Быстро оббежав обрыв, парни с девчонкой выбрались к озеру, к серым камням… Лаума лежала, раскинув руки, не шевелясь. В мертвых, широко раскрытых глазах ее отражалось высокое июньское небо. Все вокруг было заляпано кровью.

– Лаума-а, сестричка… – Лайма бросилась погибшей на грудь и, тут же отпрянув, в отчаянье закричала: – Не-е-ет!

"…в это же время король литовский Миндовг быль убит одним знатным литовцем, хотевшим завладеть королевством. Но сын короля, находившийся у русских и услышавший об убийстве отца, возвратился в Литву, чтобы отомстить за убийство отца. Всех христиан, которых он нашел пленными в своем государстве, он милостиво отправил назад в Ригу, к магистру. Но затем он дался в обман литовцам, составил с ними заговор и послал в том же году войско в Вик и Пернов и опустошил эти области в Сретение Господне. А неделю спустя…"

– Игорь! Да очнись же. Оторвись, наконец, от своих хроник.

Сидевший на лавочке молодой человек в светло-сером костюме и дорогих модных туфлях оторвал взгляд от ридера и улыбнулся:

– Рад тебя видеть, Олик!

– И я рада, что ты рад. Как ваши аспирантские труды? Вижу, и тут не дают покоя.

Стройная девушка лет двадцати в синих коротких шортиках и накинутой поверх надетой футболки кофте уселась на скамеечку рядом. Молодые люди поцеловались, и поцелуй вышел куда более долгим и жарким, нежели требовали бы приличия, из чего любой внимательный человек, несомненно, сделал бы вывод о том, что эта парочка – больше, чем просто друзья.

Так оно и было, молодой аспирант Игорь Викторович Ранчис и студентка-первокурсница Ольга познакомились еще полгода назад на дискотеке в студенческом городке и сразу же… нет, не переспали. Просто сразу же понравились друг другу, а переспали уже позже, месяца через три, что для торопливой питерской молодежи в общем-то нехарактерно. Тем не менее именно так все и произошло – чувства молодых развивались по нынешним понятиям медленно, зато по-старинному основательно и надежно. Несмотря на весь свой внешний лоск, Игорь Викторович вовсе не был вертопрахом, наоборот, считался человеком вдумчивым и серьезным. Аспирант на кафедре всеобщей истории РГПУ – куда уж серьезней! С виду, конечно, такого не скажешь – вполне себе обычный молодой человек двадцати трех лет от роду. Высокий блондин с серо-стальным взглядом. Модная аккуратная стрижка, холеные усики, небольшая "шкиперская" бородка, тоже холеная, на левой щеке – небольшая родинка. Игорь был из тех молодых людей, этаких "красавчиков", что обычно очень нравятся женщинам.

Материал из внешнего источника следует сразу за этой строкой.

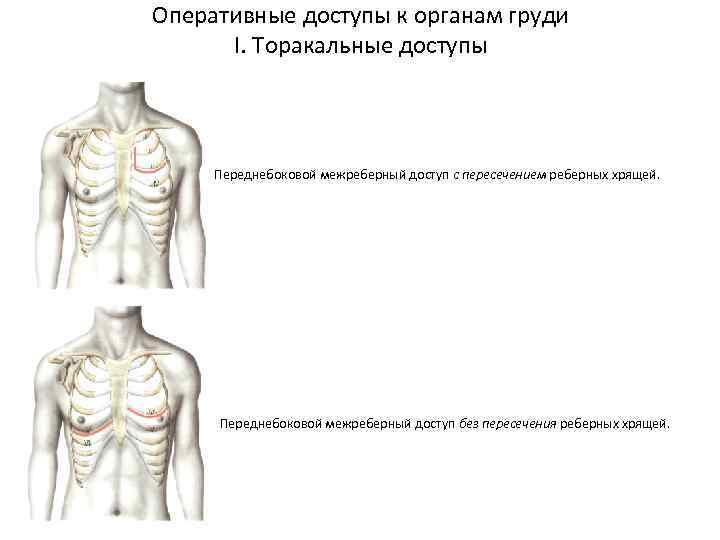 Оперативные доступы к органам груди I. Торакальные доступы Переднебоковой межреберный доступ с пересечением реберных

Что и говорить, девчонки ему прямо на шею вешались: красивый, стройный, к тому же – из очень небедной семьи, что тоже немаловажно. Правда, вот – умный. Слишком умный – и это девчонок пугало! Ну, зачем же разговаривать с ними о "Теории полей", о Питириме Сорокине или о книге Лебона "Психология толпы"? Ладно еще – со студентками-гуманитариями, но с со всеми прочими – увольте! Наверное, во многом именно поэтому Игорь и не был до сих пор женат, кто знает?